16. Freezing temperature of water. Use a container that will hold 100 ml of water, six large ice cubes, and a small test tube with 5 ml of water and a temperature probe fastened securely in the test tube and the test tube fastened securely in the larger container. Lower the test tube into the cold water of the large container, begin to collect data, add five spoons of salt and gently stir. Continue to stir the ice water and also gentle stir the probe in the five ml of water. When 10 minutes pass stop stirring the probe and let it freeze in the container. Continue to stir the ice water and add more ice as the original ice gets smaller and there is sufficient room. Continue collect data for another five minutes or until the five ml of water is ice and the temperature is not changing. Be careful no to try and remove the probe from the ice. Wait until the ice melts and then remove it. The container can be put into warm water for faster melting and probe removal.

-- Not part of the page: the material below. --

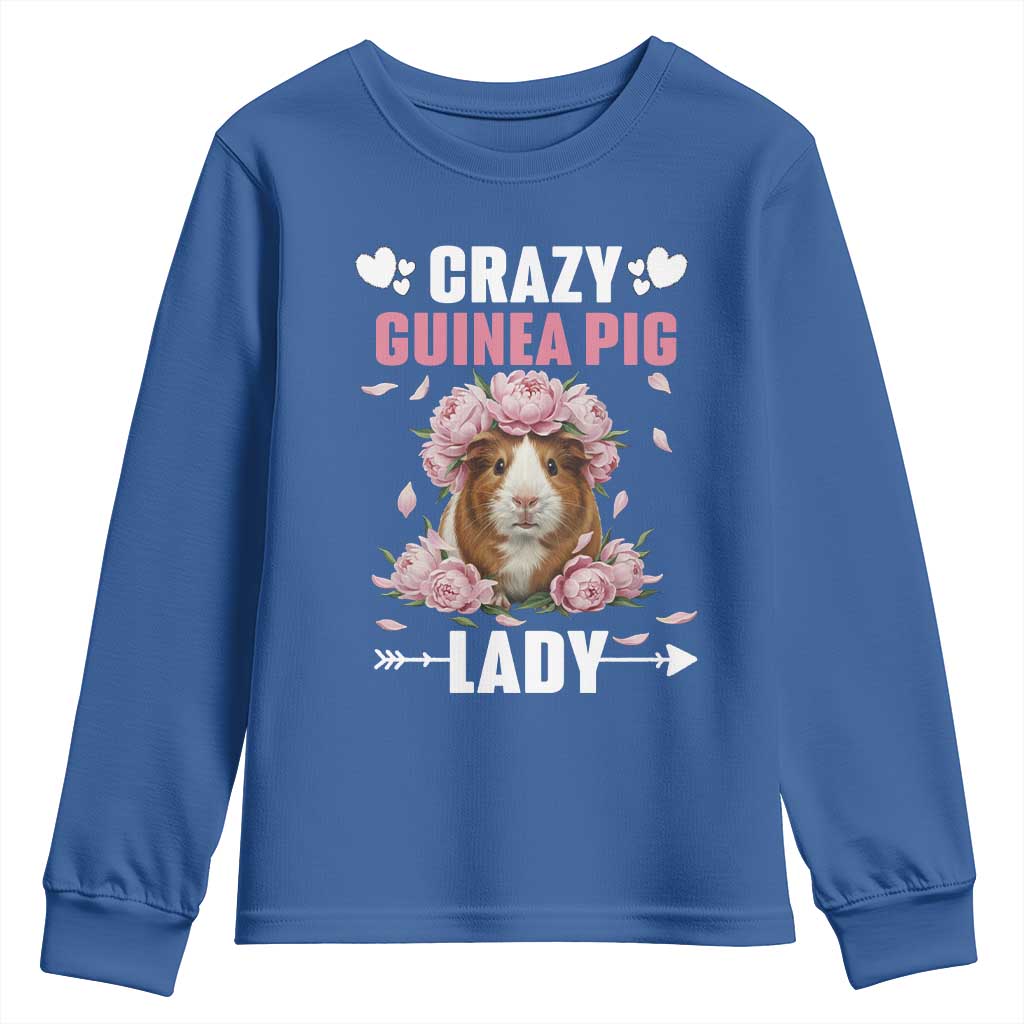 Funny Crazy Guinea Pig Lady Youth Sweatshirt Cavy Mom Gift - Wonder Print Shop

17. How low can you go? Put a probe into 100ml of crushed ice and collect data while gently stirring the ice until a steady temperature is reached. Is it the normal melting temperature of ice? Can the ice be made colder? Add 5 grams of salt to the ice water and stir until the temperature is steady again. Record the temperature. Using five grams of salt what is the coldest temperature of ice you can create? Devise a plan and test it.

18. Finding the best cold pack. Use ammonium chloride NH4Cl, citric acid H3C6H5O7, potassium chloride, KCl, sodium bicarbonate, NaHCO3, and sodium carbonate Na2CO3. Design and test a plan to find the best ingredients from the list for making a cold pack. (Possible suggestion, mix 3 grams with 10 ml of room temperature water and collect temperature data for each substance. Then determine hoe to use 3 grams with different amounts of water to determine the best amount of solid to water.)

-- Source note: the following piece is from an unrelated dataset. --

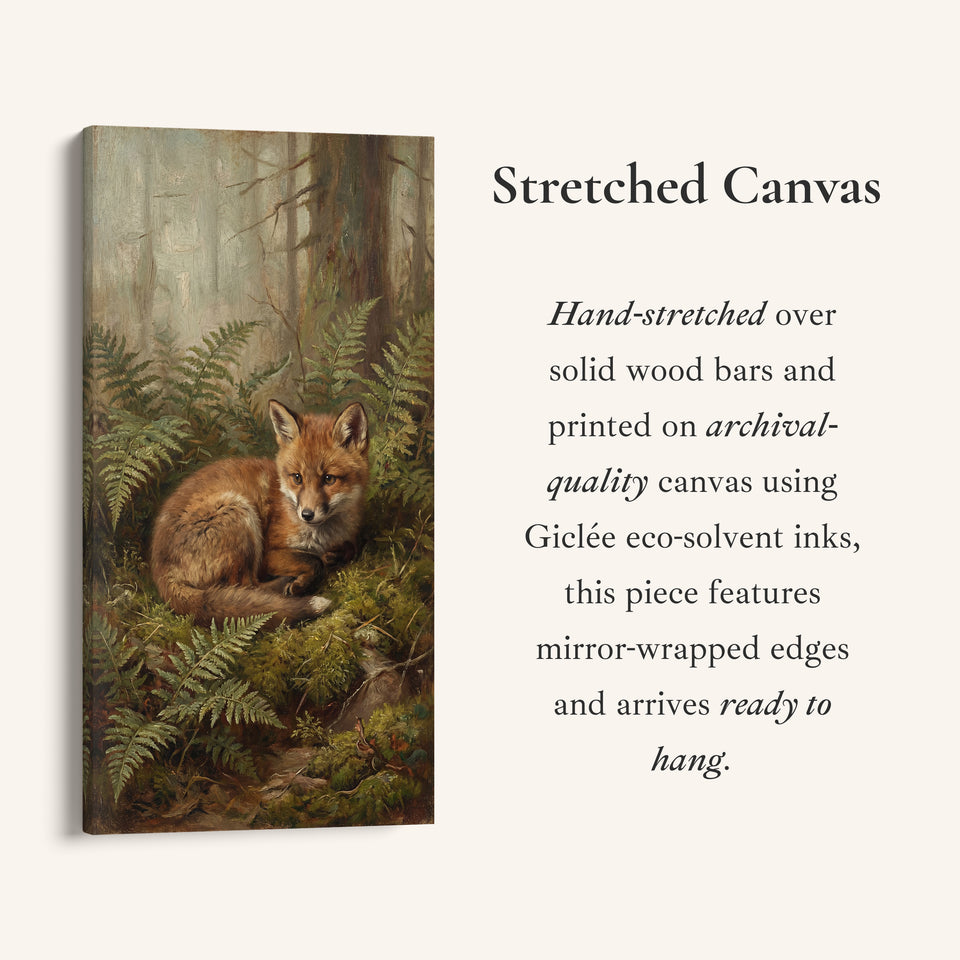 Fox Forest Portrait Large Vertical Wall Art Tall Canvas For Hallway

19. Cooling big people or little people. Use a two liter plastic bottle and a one liter plastic bottle. Fill both with hot tap water to where they are usually filled with pop. Insert a probe into each bottle and collect data for 10-20 minutes. What difference would sweat make? Repeat the procedure and this time mist the bottles with a spray of water.

20. What is the intensity of different light bulbs?
How does the intensity of different CFL's change when they are turned on?

21. What are different sound levels at different events? exercise class,
concert, pep rallies, headsets, traffic. See OSHA noise standards

22. Leaf liter. Put in to CO2 chamber until determine the production rate of CO2 maybe five minutes. Vary the temperature by placing the chamber in different temperature baths. Vary moisture content by adding known amounts of water to the chamber.

23. Environmental temperature compared to - relative humidity - relative pressure - wind direction - wind velocity - cloud cover - soil or water temperature ...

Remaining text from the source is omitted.